地政学的リスク

地政学的リスクは、「地政学リスク」とも呼ばれある特定地域が抱える政治的・軍事的・社会的な緊張の高まりが、地球上の地理的な位置関係により、その特定(関連)地域の経済、あるいは世界経済全体の先行きを不透明にすることをいう。一般に地政学とは、地理的な位置関係が政治や国際関係に与える影響を研究する学問であり、本用語は米連邦準備制度理事会(FRB)が2002年9月に米国のイラク攻撃に対して使用して以来、マーケット(市場)でも幅広く認識され、使用されるようになった。
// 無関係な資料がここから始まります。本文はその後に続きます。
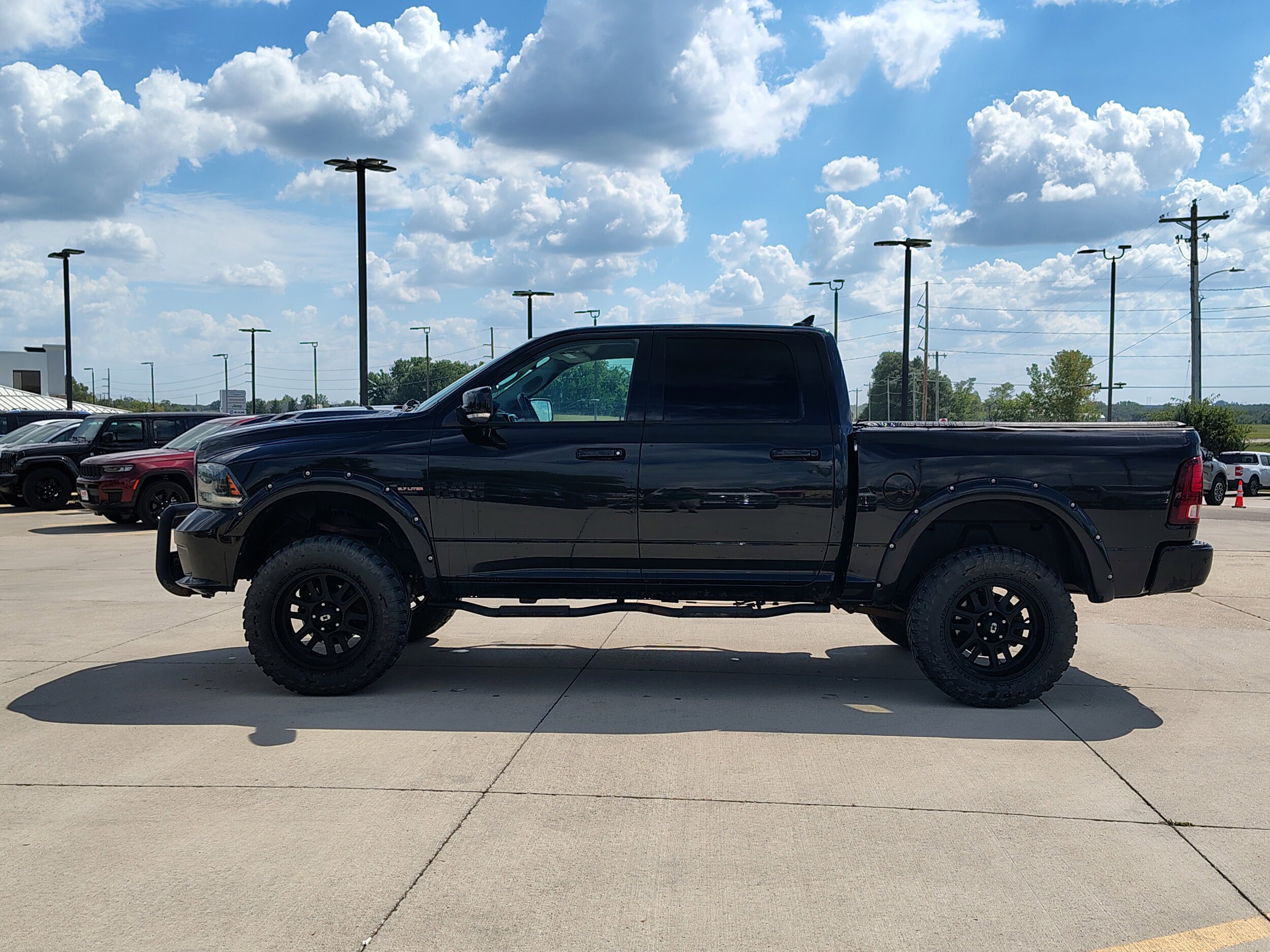 2015 Ram 1500 Sport photo 4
地政学的リスクの二大要因としては、「地域紛争の勃発」と「テロの脅威」が挙げられ、経済がグローバル化する中で、そのリスクは全世界的に影響を及ぼす可能性がある。この具体的な対象としては、イランの核開発問題、イラクの混乱(テロ多発)、イスラエルのガザ問題やパレスチナ問題、アフガニスタンの対テロ戦争、チェチェン紛争、北朝鮮の核開発問題などがあり、これらに関して大きな出来事が起こると、マーケットにも大きな影響を及ぼすことがある。特に中東関連の危機(中東情勢)では、原油価格や株式相場、為替相場などの経済的変動を引き起こし、国際経済や企業活動などに影響を及ぼす大きな不安定要因となることが多い。また、日本に身近な北朝鮮問題は、世界的なインパクトを与えることはあまりないものの、日本や韓国、中国などの東アジア地域では大きな不安定要因であり、時としてこの地域のマーケットに大きな影響を及ぼすことがある。
なお、資産運用において、地政学的リスクは、予測が非常に難しく、ある日突然リスクが顕在化して、マーケットの流れを大きく変わることがあるので注意が必要。